Assembly Bill No. 1962

CHAPTER 567

An act to add Section 1367.004 to the Health and Safety Code, and to add Section 10112.26 to the Insurance Code, relating to health care coverage.

[Approved by Governor September 25, 2014. Filed with Secretary of State September 25, 2014.]

LEGISLATIVE COUNSEL’S DIGEST

AB 1962, Skinner. Dental plans: medical loss ratios: reports.

Existing law, the Knox-Keene Health Care Service Plan Act of 1975, provides for the licensure and regulation of health care service plans by the Department of Managed Health Care and makes a willful violation of the act a crime. Existing law also provides for the regulation of health insurers by the Department of Insurance. Existing law requires a health care service plan or health insurer to comply with specified minimum medical loss ratios and requires a plan or insurer to provide an annual rebate to enrollees and insureds if the ratio of the amount of premium revenue expended by the plan or insurer on specified costs to the total amount of premium revenue is less than a certain percentage. Existing law specifies that these requirements do not apply to specialized health care service plan contracts or specialized health insurance policies.
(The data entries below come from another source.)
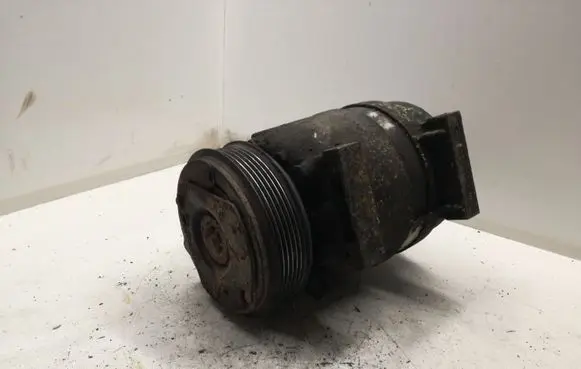 Renault Megane II Air conditioning (A/C) compressor (pump) 051220943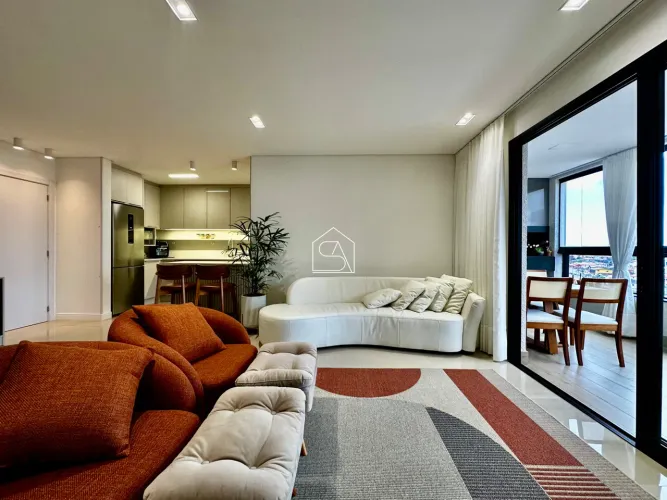 Amplo apartamento mobiliado, com 159m², 04 dormitórios, e vista mar.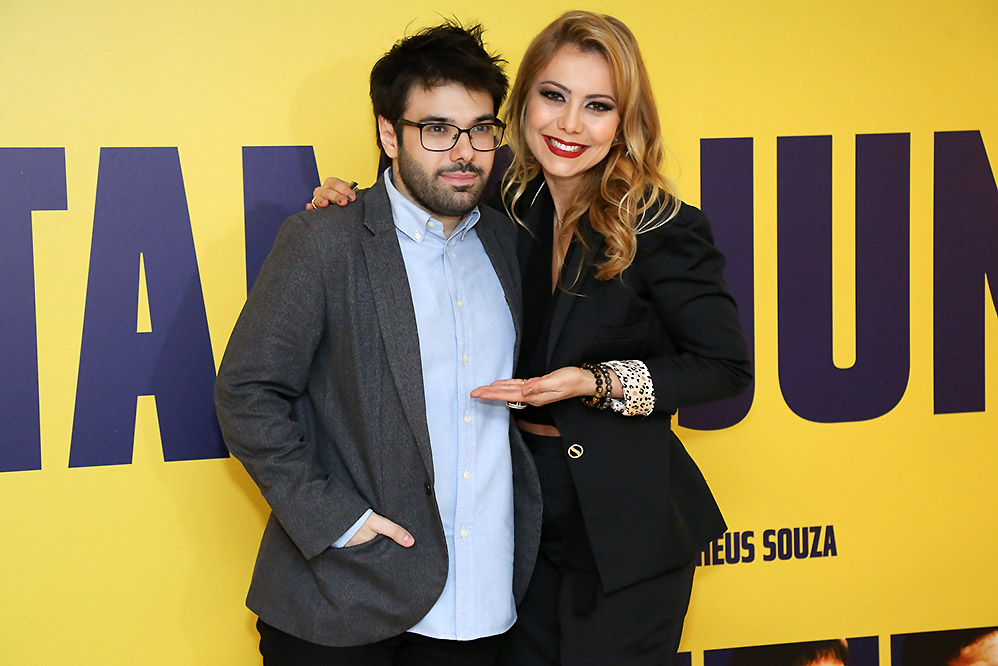 Matheus, diretor do filme, e Simone Soares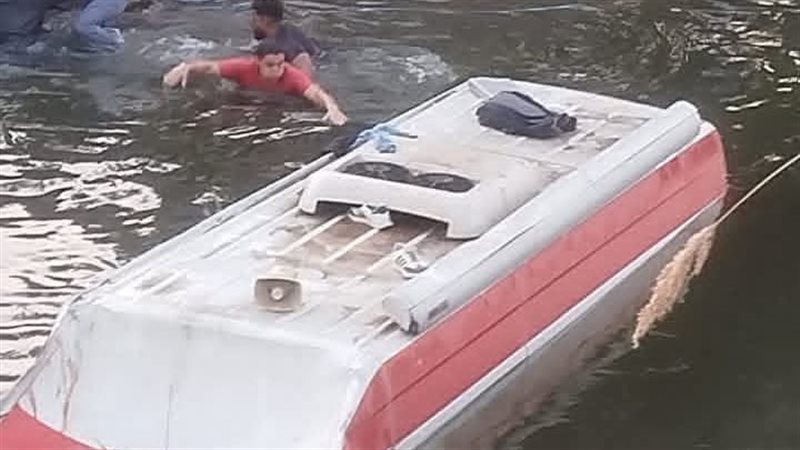 انقلاب سيارة بترعة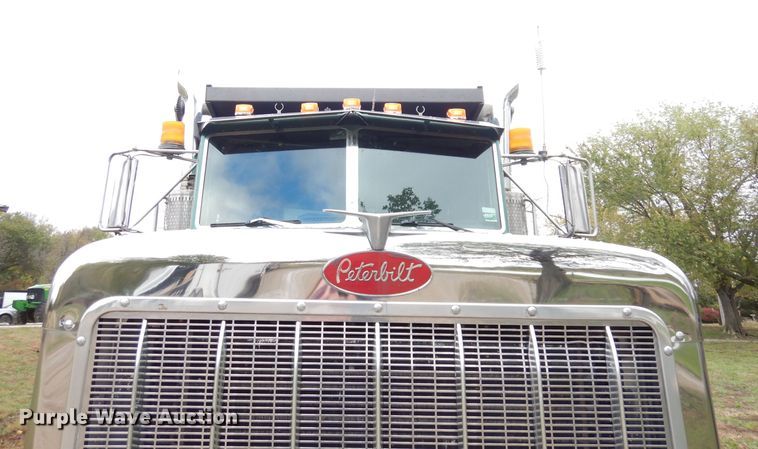 image for item DK3106 1995 Peterbilt 357  dump truck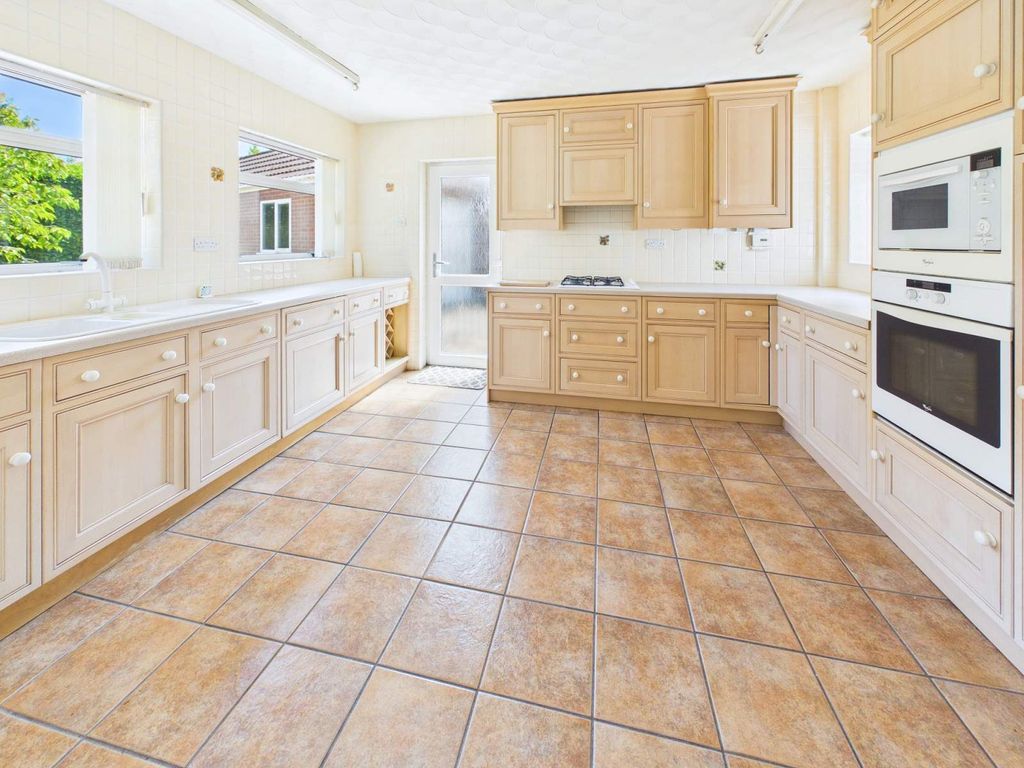 Property photo 2 of 28 Kitchen-Breakfast Room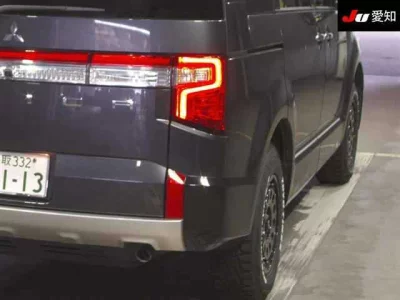 Mitsubishi DELICA D5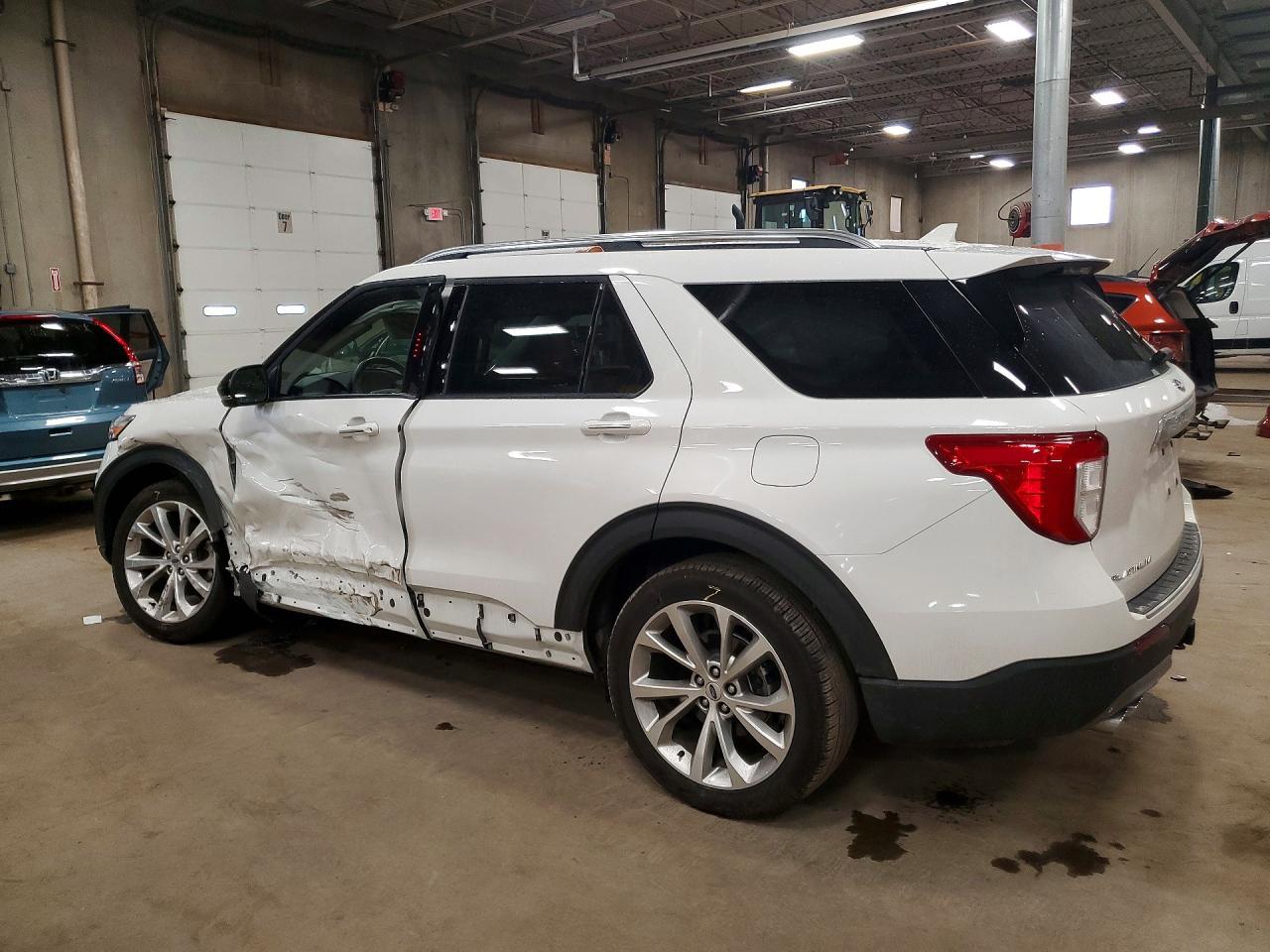 2023 Ford Explorer Platinum - Фото 2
This bill would require health care services plans that issue, sell, renew, or offer specialized dental health care service plan contracts and health insurers that issue, sell, renew, or offer specialized dental health insurance policies to, no later than September 30, 2015, and each year thereafter, file a report, to be known as the MLR annual report, with the departments that contains the same information required in the 2013 federal Medical Loss Ratio (MLR) Annual Reporting Form. The bill would require the Department of Managed Health Care or the Department of Insurance, as applicable and, if a financial examination is determined to be necessary to verify the representations in the MLR annual report, to provide the health care service plan or health insurer with a notification before conducting the examination, and would require the plan or insurer to electronically submit to the appropriate department specified requested records, books, and papers. The bill would declare the intent of the Legislature that the data reported pursuant to these provisions be considered by the Legislature in adopting a medical loss ratio standard for health care service plans and specialized health insurance policies that cover dental services that would take effect no later than January 1, 2018. The bill would authorize the Department of Managed Health Care and the Department of Insurance, until January 1, 2018, to issue guidance to health care service plans and health insurers of specialized health insurance policies subject to these provisions regarding compliance with these provisions, as specified. Because a willful violation of the bill’s requirements by a health care service plan would be a crime, the bill would impose a state-mandated local program.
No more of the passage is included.